__Assignment__. Repeat what the lines below say, word for word, and skip every image.

__Dataset excerpt__.
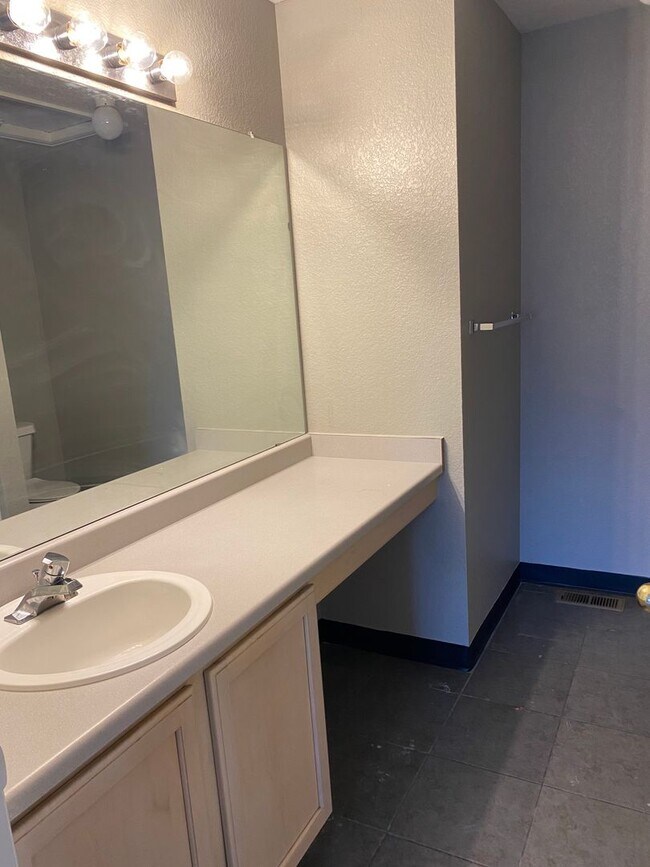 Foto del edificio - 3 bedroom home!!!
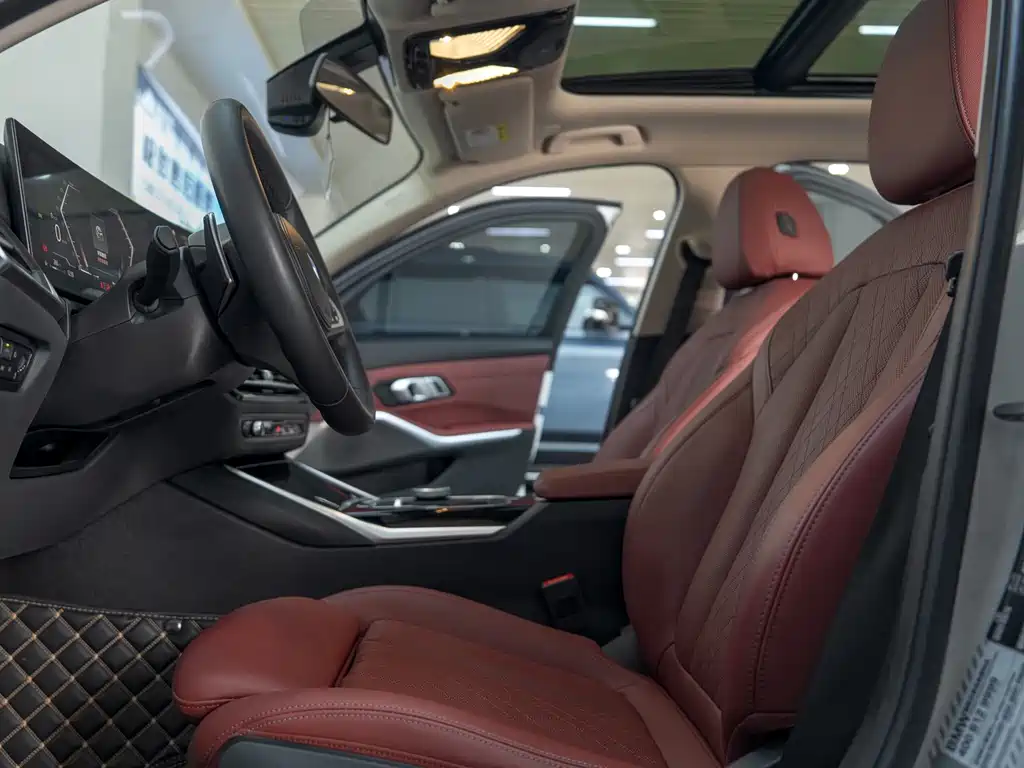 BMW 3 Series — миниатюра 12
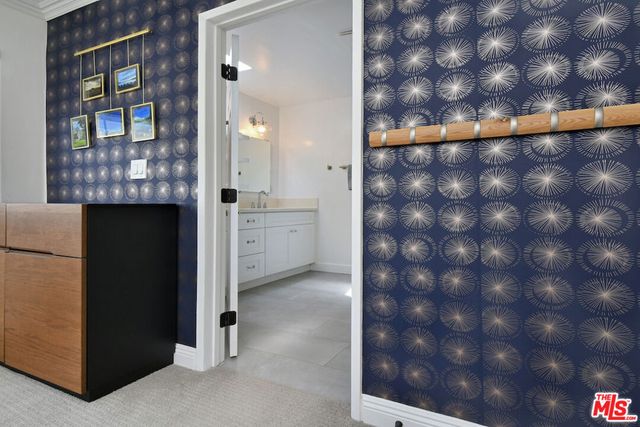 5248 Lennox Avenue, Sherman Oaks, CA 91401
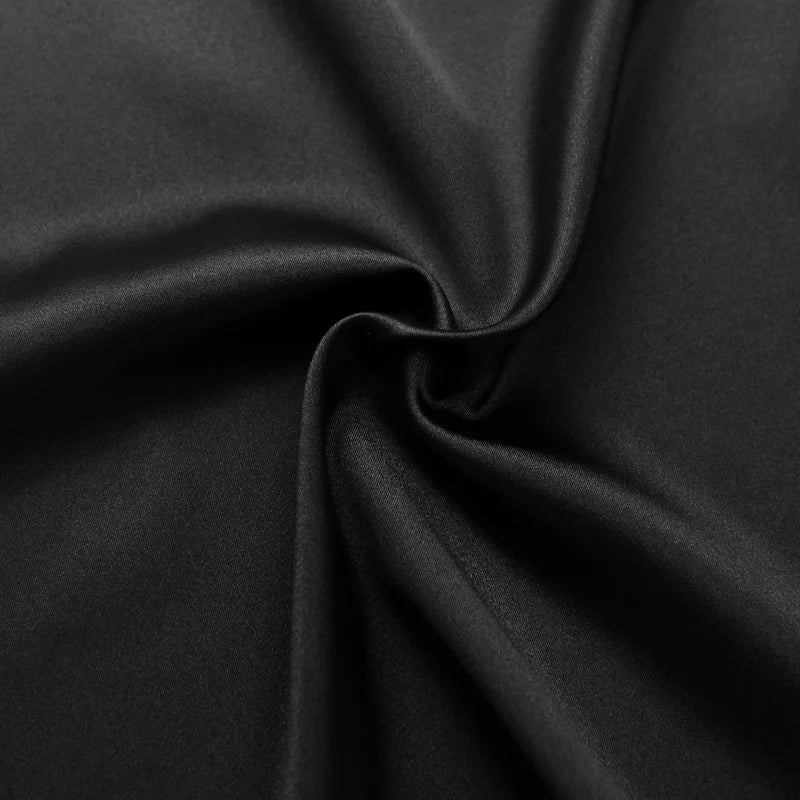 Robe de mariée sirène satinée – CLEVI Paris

__Reply to the task__.
 Foto del edificio - 3 bedroom home!!!
 BMW 3 Series — миниатюра 12
 5248 Lennox Avenue, Sherman Oaks, CA 91401
 Robe de mariée sirène satinée – CLEVI Paris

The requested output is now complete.